I want to iterate over all the data in a Weaviate (text) collection and also get the raw data that was used to generate the embeddings. That leads to a couple of questions:
Does Weaviate store the raw data by default when you ask it to embed some data? Or is there some way to make sure the raw text data gets stored as well?
Does the “after” method as described here (Read all objects | Weaviate - vector database) give me access to that raw data?
Hi, @pramodbiligiri! Welcome to our community!
Weaviate will store both vectors and raw data.
And by default it will give you the raw data as the name property.
If you want the vectors, you can also retrieve it using additional properties: GraphQL - Additional properties | Weaviate - vector database
The Read All Objects you linked is more suited for backups.

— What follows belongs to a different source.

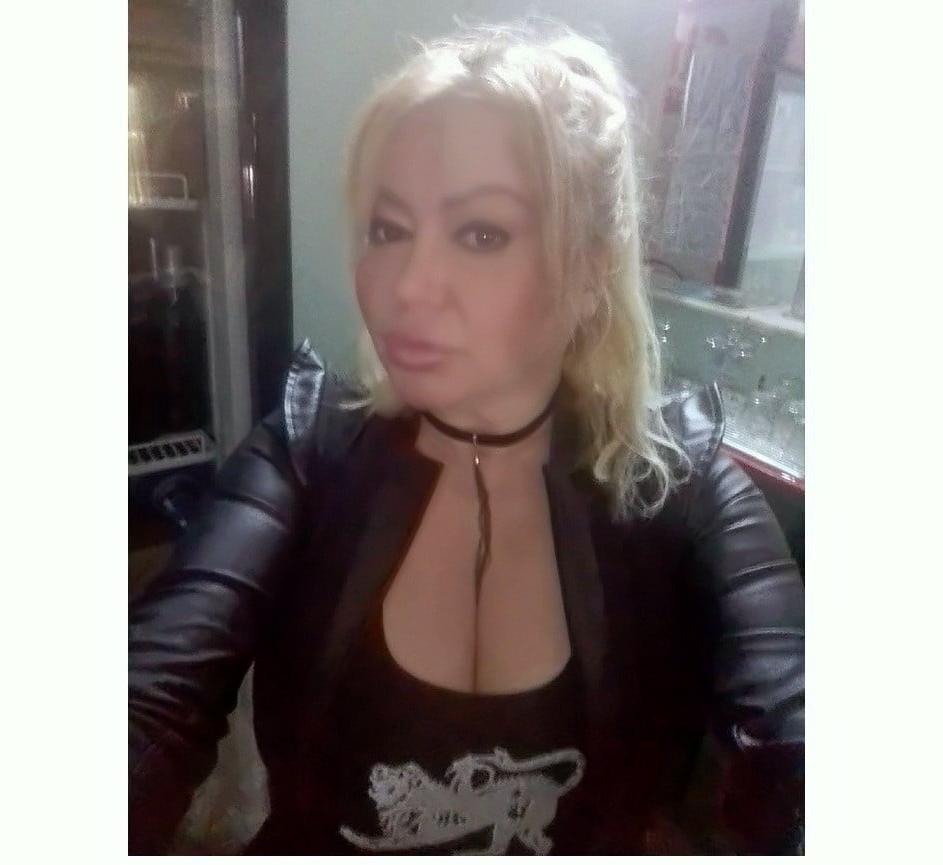 25P ROU ROMANIAN MILFS 67 SLUT MOM IS A ESCORT IN THE US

You will need to Query your data. Here is a nice doc on how to do it:
Let me know if that happens!
Ah, sorry! You do want to iterate over all of them, no querying it
I am pretty sure you can get both vectors and raw data with that.
Let me know if are not able.
Thanks for the response. I’m planning to store the raw data using this generic attributes feature - Data structure | Weaviate - vector database - and then retrieve it back the same way as i iterate over the records. Do you foresee any major performance issues with this approach. For example, does Weaviate have limitations on the size of this data or in-memory limitations?
AFAIK there should not be any limitations.
Depending on your scale, you will have to run multiple nodes.